From the data that follows, print exactly the lines starting at the one containing "Poddasze po remoncie: świeżo" and ending at the one containing "a living room"; include both of them and nothing more.
########################################
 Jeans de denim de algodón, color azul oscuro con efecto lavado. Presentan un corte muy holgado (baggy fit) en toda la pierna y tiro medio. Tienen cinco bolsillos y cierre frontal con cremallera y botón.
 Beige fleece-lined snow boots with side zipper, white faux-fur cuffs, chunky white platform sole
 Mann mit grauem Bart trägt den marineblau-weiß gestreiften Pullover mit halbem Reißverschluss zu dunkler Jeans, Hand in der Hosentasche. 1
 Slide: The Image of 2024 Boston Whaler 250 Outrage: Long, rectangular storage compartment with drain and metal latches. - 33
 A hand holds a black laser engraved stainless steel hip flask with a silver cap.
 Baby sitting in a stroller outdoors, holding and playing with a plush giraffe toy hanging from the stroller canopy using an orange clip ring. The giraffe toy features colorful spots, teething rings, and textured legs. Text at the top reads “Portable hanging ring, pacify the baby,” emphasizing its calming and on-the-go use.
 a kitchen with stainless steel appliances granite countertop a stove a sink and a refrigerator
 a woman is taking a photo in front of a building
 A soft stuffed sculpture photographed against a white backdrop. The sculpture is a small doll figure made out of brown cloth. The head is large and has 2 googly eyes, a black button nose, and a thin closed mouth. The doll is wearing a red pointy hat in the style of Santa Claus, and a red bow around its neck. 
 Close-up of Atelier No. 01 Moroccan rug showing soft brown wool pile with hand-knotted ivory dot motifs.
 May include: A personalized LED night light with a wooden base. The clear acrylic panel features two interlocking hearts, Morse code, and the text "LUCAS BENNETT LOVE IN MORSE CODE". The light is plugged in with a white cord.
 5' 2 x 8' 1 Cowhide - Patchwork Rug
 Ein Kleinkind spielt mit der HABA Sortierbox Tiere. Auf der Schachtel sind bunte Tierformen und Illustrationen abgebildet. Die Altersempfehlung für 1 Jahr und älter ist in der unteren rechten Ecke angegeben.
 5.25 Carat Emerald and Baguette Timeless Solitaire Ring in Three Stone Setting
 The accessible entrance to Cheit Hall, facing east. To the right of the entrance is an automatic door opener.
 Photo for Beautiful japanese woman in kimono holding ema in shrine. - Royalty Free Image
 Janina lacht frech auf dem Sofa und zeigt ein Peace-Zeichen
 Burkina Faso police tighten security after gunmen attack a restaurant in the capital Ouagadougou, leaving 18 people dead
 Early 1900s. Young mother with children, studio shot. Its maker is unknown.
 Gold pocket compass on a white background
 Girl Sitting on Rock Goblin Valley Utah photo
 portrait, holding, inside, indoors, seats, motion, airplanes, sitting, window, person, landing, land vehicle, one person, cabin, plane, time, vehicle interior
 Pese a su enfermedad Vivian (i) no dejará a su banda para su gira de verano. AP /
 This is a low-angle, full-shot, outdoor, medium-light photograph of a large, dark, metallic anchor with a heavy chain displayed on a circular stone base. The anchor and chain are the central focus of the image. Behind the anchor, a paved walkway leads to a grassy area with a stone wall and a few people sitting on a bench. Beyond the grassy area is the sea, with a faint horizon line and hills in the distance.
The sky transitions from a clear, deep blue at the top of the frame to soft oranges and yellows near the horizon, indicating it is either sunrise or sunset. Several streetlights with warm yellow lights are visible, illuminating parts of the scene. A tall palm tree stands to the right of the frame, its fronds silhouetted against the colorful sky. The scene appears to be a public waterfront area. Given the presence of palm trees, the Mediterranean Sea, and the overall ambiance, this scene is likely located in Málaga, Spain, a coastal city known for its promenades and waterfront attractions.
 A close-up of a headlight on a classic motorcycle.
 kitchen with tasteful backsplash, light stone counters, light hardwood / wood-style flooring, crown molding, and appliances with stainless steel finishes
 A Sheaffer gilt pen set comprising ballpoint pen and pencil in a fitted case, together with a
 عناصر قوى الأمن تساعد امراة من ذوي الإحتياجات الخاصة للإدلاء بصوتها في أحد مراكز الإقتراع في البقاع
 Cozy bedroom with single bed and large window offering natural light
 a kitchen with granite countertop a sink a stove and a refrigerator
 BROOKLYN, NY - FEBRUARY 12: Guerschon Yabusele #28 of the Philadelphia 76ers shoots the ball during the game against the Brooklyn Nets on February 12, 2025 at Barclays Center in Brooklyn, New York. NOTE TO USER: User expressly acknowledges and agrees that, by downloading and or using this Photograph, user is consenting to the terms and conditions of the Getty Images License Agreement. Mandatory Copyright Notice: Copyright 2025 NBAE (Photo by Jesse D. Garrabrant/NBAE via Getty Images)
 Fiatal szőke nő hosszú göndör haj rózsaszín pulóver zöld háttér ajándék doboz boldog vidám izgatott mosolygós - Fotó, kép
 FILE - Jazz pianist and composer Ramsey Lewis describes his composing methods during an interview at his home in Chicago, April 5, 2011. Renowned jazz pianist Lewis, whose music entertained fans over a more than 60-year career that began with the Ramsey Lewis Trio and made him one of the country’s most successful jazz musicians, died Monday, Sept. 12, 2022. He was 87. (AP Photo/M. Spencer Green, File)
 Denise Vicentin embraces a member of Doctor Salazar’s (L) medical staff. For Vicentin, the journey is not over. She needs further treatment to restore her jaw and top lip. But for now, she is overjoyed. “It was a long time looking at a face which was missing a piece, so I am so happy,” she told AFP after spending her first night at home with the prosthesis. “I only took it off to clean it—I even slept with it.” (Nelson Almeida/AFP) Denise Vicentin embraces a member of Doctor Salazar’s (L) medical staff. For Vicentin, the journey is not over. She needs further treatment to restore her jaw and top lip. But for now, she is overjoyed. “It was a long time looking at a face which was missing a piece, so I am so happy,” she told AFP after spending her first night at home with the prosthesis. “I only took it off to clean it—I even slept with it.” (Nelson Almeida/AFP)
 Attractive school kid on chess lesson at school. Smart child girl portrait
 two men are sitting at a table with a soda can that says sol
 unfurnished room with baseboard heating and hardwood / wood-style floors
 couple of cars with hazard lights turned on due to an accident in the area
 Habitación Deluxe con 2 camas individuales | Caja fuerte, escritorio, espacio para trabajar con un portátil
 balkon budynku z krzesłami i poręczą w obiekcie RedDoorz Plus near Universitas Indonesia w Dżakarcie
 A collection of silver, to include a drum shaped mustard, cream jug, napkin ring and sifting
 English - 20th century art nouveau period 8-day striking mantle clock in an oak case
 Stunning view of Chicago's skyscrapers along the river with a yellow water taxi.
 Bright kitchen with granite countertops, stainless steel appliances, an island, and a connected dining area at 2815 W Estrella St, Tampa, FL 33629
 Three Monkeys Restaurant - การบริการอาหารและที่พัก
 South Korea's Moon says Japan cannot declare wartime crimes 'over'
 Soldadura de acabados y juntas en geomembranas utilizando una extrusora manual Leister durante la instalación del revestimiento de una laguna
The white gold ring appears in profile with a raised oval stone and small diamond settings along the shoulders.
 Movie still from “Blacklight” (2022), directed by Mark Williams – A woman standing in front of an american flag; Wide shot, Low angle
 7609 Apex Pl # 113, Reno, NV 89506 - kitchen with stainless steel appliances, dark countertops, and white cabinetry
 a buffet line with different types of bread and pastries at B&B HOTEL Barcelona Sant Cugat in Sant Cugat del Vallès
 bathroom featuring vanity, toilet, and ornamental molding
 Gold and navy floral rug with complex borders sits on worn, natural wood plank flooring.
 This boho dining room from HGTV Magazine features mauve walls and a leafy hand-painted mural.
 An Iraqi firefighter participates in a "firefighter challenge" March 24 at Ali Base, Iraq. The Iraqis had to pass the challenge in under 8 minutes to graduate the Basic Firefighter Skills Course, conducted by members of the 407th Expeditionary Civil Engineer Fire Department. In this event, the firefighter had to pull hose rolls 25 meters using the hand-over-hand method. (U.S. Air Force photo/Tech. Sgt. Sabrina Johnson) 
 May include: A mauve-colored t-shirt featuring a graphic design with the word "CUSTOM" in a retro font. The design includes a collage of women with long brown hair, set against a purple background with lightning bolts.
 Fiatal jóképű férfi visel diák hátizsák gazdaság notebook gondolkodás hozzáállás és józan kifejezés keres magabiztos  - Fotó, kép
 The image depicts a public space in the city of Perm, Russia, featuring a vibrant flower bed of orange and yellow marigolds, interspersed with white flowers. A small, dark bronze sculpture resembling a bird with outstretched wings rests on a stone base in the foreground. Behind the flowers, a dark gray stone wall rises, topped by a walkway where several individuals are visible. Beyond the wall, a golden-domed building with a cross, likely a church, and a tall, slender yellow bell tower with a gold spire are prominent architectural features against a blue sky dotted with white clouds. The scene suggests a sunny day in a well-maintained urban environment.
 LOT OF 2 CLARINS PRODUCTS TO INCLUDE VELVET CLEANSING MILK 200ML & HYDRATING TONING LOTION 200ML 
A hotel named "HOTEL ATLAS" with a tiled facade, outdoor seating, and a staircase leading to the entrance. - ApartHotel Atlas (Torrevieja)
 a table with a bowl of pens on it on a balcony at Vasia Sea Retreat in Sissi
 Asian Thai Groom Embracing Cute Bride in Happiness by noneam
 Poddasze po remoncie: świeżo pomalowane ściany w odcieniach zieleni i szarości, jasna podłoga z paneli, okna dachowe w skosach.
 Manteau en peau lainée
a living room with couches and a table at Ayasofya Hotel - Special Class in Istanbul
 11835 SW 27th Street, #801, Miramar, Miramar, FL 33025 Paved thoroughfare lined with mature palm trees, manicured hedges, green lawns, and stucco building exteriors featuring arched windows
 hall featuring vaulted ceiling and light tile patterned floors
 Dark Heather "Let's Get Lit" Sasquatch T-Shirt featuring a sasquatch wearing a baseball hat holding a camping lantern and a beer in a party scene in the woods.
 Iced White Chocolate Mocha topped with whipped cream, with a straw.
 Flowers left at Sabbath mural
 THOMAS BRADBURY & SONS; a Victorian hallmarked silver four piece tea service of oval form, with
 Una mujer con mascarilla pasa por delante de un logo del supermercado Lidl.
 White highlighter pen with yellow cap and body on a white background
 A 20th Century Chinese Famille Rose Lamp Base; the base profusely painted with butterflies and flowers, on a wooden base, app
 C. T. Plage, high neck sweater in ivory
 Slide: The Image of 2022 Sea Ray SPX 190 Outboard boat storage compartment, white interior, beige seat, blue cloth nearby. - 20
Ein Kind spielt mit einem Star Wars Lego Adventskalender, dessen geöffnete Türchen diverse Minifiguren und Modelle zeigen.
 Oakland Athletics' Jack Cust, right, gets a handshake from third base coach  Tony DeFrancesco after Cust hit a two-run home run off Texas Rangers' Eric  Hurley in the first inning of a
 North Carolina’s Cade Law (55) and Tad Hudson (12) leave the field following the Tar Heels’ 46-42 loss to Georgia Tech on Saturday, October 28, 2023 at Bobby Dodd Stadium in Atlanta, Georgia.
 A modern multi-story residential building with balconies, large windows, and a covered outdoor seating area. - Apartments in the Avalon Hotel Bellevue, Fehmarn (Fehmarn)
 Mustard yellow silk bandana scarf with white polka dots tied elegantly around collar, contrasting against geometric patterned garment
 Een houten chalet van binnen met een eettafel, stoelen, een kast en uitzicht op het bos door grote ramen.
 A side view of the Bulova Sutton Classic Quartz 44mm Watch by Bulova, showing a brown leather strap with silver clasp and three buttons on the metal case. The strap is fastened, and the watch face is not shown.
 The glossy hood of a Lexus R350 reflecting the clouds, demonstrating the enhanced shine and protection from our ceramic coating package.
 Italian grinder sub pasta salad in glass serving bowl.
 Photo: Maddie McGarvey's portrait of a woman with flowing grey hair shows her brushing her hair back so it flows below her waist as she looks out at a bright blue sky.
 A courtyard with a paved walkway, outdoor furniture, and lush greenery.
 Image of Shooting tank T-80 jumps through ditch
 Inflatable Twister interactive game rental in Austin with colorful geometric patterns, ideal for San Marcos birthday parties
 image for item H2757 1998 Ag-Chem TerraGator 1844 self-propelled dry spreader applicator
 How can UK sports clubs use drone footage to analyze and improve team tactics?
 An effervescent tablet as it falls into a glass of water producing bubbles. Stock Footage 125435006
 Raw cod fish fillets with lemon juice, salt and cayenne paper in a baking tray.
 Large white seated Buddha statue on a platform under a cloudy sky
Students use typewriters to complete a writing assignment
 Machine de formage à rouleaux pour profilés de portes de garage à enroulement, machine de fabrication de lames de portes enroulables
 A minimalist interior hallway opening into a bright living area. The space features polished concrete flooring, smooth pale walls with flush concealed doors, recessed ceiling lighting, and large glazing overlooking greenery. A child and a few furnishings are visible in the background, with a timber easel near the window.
########################################
* SOLVED PROBLEM *
 Poddasze po remoncie: świeżo pomalowane ściany w odcieniach zieleni i szarości, jasna podłoga z paneli, okna dachowe w skosach.
 Manteau en peau lainée
a living room with couches and a table at Ayasofya Hotel - Special Class in Istanbul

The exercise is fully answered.